Missouri History Museum

Among the earliest settlers in St. Louis, Missouri, the DeHatre family made a living running saloons. In the 1920s, Louis DeHatre opened a diner, Louie’s Place, at Lambert Field, where, in a white shirt, dark tie, and long white apron, he served hamburgers, hot dogs, eggs, steaks, pies, and other diner classics to the local military and civilian flying pioneers. On one wall, DeHatre hung pictures of pilots; on another, photos of pilots who had died. While fliers exchanged news and gossip, customers would sometimes move photos from one wall to the other, where they hung, out of place, until DeHatre discovered the prank and moved them back.

Among the clientele was the young Charles Lindbergh, who had moved to St. Louis in 1925 to fly the mail between that city and Chicago. He roomed in a farmhouse a short walk from Louie’s Place, and as Kenneth Davis reported in his 1959 book, The Hero: Charles A. Lindbergh and the American Dream, he could easily put away half a dozen eggs, fried potatoes, and pork chops or a steak for breakfast, equally large lunches and dinners, and hot dogs, hamburgers, and candy in between.

During airmail runs, Lindbergh mulled over entering the Orteig competition: Since 1919, hotel owner Raymond Orteig had offered $25,000 for the first nonstop flight between New York and Paris. Louie’s Place served as Lindbergh’s informal headquarters as he pursued possible flight sponsors in the St. Louis business community, particularly those he had met at the airfield. In his 1953 autobiography, The Spirit of St. Louis, Lindbergh wrote, “I’m eating late breakfast at Louie de Hatre’s lunch stand…. At the counter one learns immediately about everything new that has happened at the field—new arrivals, new accidents, new business.”

After securing financial backing, Lindbergh headed for Ryan Airlines in San Diego to oversee and help with the design and construction of the Spirit of St. Louis (see “A Mailplane for Lindbergh,” June/July 2011). Test flights complete, he flew the Spirit to its namesake on May 10, 1927, covering 1,500 miles in 14 hours and 25 minutes, a long-distance record. He landed at Lambert, met with his backers, and ordered ham and eggs at Louie’s. Once he had checked for news on other teams competing for the Orteig, he flew into a hornet’s nest of reporters at Curtiss Field on Long Island.

After Lindbergh became the most famous person on the planet, Louie’s remained a gathering place for the aviation community. Pilots and aircraft industry figures left autographed tributes to “the hot plate king” and “the hamburger king,” noted for a “cool drink” and “swell hot dogs.” Celebrities passing through St. Louis, at a time when only the wealthy could afford commercial flying, left their photographs and autographs with DeHatre, including Will Rogers, who, with pilot Wiley Post, would die in a 1935 crash of Post’s Lockheed floatplane in Alaska. Today, the Missouri History Museum’s Louis DeHatre Collection comprises some 200 photos of fliers and their aircraft.

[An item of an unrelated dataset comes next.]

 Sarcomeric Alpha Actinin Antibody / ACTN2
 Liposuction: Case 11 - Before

Louie’s Place closed in the late 1930s; the site was soon built over. In the 1957 film The Spirit of St. Louis, directed by Billy Wilder (in which the diner’s role in Lindbergh’s flight was somewhat exaggerated), DeHatre was played by Jack Daly, who had walk-on roles in North by Northwest, Inherit the Wind, and The Day the Earth Stood Still. A fictional African-American short-order cook called Jesse was played by Johnny Lee, best known as lawyer Algonquin Calhoun on the TV version of “Amos ’n Andy.” Jimmy Stewart, who at 49 strained credibility playing a 25-year-old Lindbergh, explained his upcoming flight to Louie and Jesse by drawing a line from a map of the eastern United States across a wall to a knothole: Paris, he told them.

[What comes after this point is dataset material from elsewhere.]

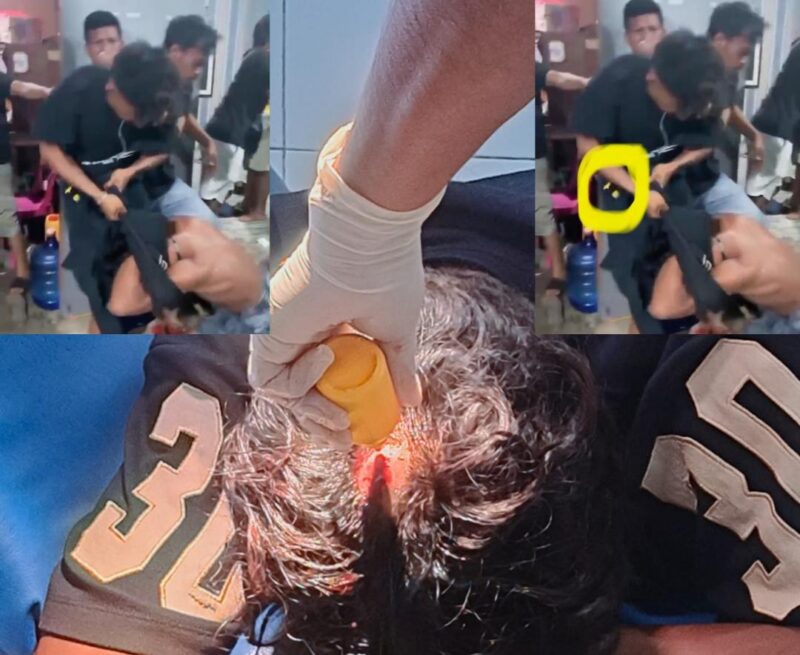 Ket: Kondisi Korban Saat Mendapat Perawatan Medis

Greg Bailey has written for the Economist, the Chicago Tribune, Wired, and Agence France-Presse.

Among the earliest settlers in St. Louis, Missouri, the DeHatre family made a living running saloons. In the 1920s, Louis DeHatre opened a diner, Louie’s Place, at Lambert Field, where, in a white shirt, dark tie, and long white apron, he served hamburgers, hot dogs, eggs, steaks, pies, and other diner classics to the local military and civilian flying pioneers. On one wall, DeHatre hung pictures of pilots; on another, photos of pilots who had died. While fliers exchanged news and gossip, customers would sometimes move photos from one wall to the other, where they hung, out of place, until DeHatre discovered the prank and moved them back.

Among the clientele was the young Charles Lindbergh, who had moved to St. Louis in 1925 to fly the mail between that city and Chicago. He roomed in a farmhouse a short walk from Louie’s Place, and as Kenneth Davis reported in his 1959 book, The Hero: Charles A. Lindbergh and the American Dream, he could easily put away half a dozen eggs, fried potatoes, and pork chops or a steak for breakfast, equally large lunches and dinners, and hot dogs, hamburgers, and candy in between.

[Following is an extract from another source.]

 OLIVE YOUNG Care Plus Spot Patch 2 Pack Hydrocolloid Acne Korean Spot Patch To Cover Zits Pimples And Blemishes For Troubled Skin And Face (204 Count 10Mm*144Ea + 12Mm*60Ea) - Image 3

During airmail runs, Lindbergh mulled over entering the Orteig competition: Since 1919, hotel owner Raymond Orteig had offered $25,000 for the first nonstop flight between New York and Paris. Louie’s Place served as Lindbergh’s informal headquarters as he pursued possible flight sponsors in the St. Louis business community, particularly those he had met at the airfield. In his 1953 autobiography, The Spirit of St. Louis, Lindbergh wrote, “I’m eating late breakfast at Louie de Hatre’s lunch stand…. At the counter one learns immediately about everything new that has happened at the field—new arrivals, new accidents, new business.”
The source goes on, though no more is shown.